Появление Богочеловека оказалось водоразделом между прошлым и будущим. Остается определить дату сотворения мира, то есть, в соответствии с иудео-христианской традицией, — нулевое время, появление времени.
В конечном счете, после многочисленных колебаний установилась шестичленная периодизация: от Адама — до потопа; от потопа — до Авраама; от Авраама — до исхода из Египта; от исхода из Египта — до построения первого храма Соломонова; от построения храма — до Вавилонского пленения; от Вавилонского пленения — до пришествия Христа; далее — седьмой этап — христианская эра. А согласно Септуагинте[142] от Адама до Страстей Христовых протекло 5228 лет, «тогда как», в соответствии с уточнениями хроники Иеронима, «цифра, которую можно было извлечь из древнееврейского текста [масоретский извод], была меньше на 1237 лет». 5228 лет, с одной стороны, 3991 — с другой.
Вам трудно представить себе страсть к подсчетам, царившую на протяжении столетий, от знаменитой хроники Евсевия Кесарийского (267–338 гг.) и до XII века. Шли яростные споры о датах, с точностью до года, с придирчивостью, достойной физики XX века. Единственная разница состоит в том, что наша неуверенность касается пятнадцати миллиардов лет, в то время как наши авторы испытывают неуверенность по поводу пяти тысячелетий.

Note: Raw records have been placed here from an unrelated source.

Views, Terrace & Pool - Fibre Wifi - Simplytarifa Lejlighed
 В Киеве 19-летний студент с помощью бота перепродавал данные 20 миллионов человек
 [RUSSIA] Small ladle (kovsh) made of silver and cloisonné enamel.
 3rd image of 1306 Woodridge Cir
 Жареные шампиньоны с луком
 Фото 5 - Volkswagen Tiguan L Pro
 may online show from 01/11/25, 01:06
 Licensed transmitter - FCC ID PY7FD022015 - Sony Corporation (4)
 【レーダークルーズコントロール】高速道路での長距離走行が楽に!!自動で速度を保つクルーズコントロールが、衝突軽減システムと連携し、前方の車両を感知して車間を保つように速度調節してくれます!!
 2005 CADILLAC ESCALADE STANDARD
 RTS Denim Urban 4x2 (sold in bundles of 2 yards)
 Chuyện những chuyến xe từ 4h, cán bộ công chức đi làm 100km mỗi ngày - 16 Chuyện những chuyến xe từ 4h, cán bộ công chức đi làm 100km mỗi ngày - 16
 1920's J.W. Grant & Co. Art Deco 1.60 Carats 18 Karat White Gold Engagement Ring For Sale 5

Гораздо более сложным делом оказалось согласование хронологий. Евсевий Кесарийский объединил библейское время с временем языческой греко-латинской античности.
Летописцы поздней империи[LIX] по-прежнему применяли присущий латинской историографии отсчет времени «ab Urba condita»: от основания Рима. Еще Орозий в начале V века хранил верность этой римской эре. Но вскоре, с уходом империи с исторической арены, этот обычай вышел из употребления, и Запад оказался во власти несовершенных систем датирования, вследствие чего получили распространение всевозможные зыбкие попытки согласования хронологий. В этой области друг с другом соревновались папы, императоры, епископы и варварские государи, что порождало величайшую путаницу. Установившаяся в начале IV века полиархия[143] затрудняет поиски дат царствований императоров, которые сами исходили в своих расчетах из хронологии консулов Римской республики. В нашем 313 году было положено начало использованию коротких, 15-летних индикционных циклов. К сожалению, этим обычаем определялось только местоположение события в цикле, сам же он никак не уточнялся, — и, несомненно, нет ничего опаснее таких паллиативов; «система индиктов давала современникам возможность ориентироваться в событиях недавнего прошлого»[LX]: речь неизменно шла о современной истории, истории памяти о ближайших событиях, о достойном доверия, легко воскрешаемом воспоминании; но зато «чем больше времени протекало» после описываемых событий, тем больше путаницы накапливалось в воспоминаниях и тем затруднительнее становилась его индикционная датировка.